[R] FW: Large datasets in R

2006-07-18 Thread Marshall Feldman
Hi,

I have two further comments/questions about large datasets in R.
 
1. Does R's ability to handle large datasets depend on the operating
system's use of virtual memory? In theory, at least, VM should make the
difference between installed RAM and virtual memory on a hard drive
primarily a determinant of how fast R will calculate rather than whether or
not it can do the calculations. However, if R has some low-level routines
that have to be memory resident and use more memory as the amount of data
increases, this may not hold. Can someone shed light on this?

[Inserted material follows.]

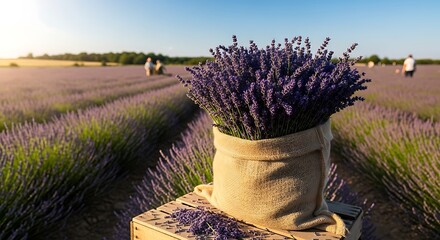 Lavender Field Harvest in France.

2. Is What 64-bit versions of R are available at present?

Marsh Feldman
The University of Rhode Island

-Original Message-
From: Thomas Lumley [mailto:[EMAIL PROTECTED] 
Sent: Monday, July 17, 2006 3:21 PM
To: Deepankar Basu
Cc: r-help@stat.math.ethz.ch
Subject: Re: [R] Large datasets in R

On Mon, 17 Jul 2006, Deepankar Basu wrote:

 Hi!

 I am a student of economics and currently do most of my statistical work
 using STATA. For various reasons (not least of which is an aversion for
 proprietary software), I am thinking of shifting to R. At the current
 juncture my concern is the following: would I be able to work on
 relatively large data-sets using R? For instance, I am currently working
 on a data-set which is about 350MB in size. Would be possible to work
 data-sets of such sizes using R?


The answer depends on a lot of things, but most importantly
1) What you are going to do with the data
2) Whether you have a 32-bit or 64-bit version of R
3) How much memory your computer has.

In a 32-bit version of R (where R will not be allowed to address more than 
2-3Gb of memory) an object of size 350Mb is large enough to cause problems 
(see eg the R Installation and Adminstration Guide).

If your 350Mb data set has lots of variables and you only use a few at a 
time then you may not have any trouble even on a 32-bit system once you 
have read in the data.

If you have a 64-bit version of R and a few Gb of memory then there should 
be no real difficulty in working with that size of data set for most 
analyses.  You might come across some analyses (eg some cluster analysis 
functions) that use n^2 memory for n observations and so break down.


-thomas

Thomas Lumley   Assoc. Professor, Biostatistics
[EMAIL PROTECTED]   University of Washington, Seattle

__
R-help@stat.math.ethz.ch mailing list
https://stat.ethz.ch/mailman/listinfo/r-help
PLEASE do read the posting guide! http://www.R-project.org/posting-guide.html
and provide commented, minimal, self-contained, reproducible code.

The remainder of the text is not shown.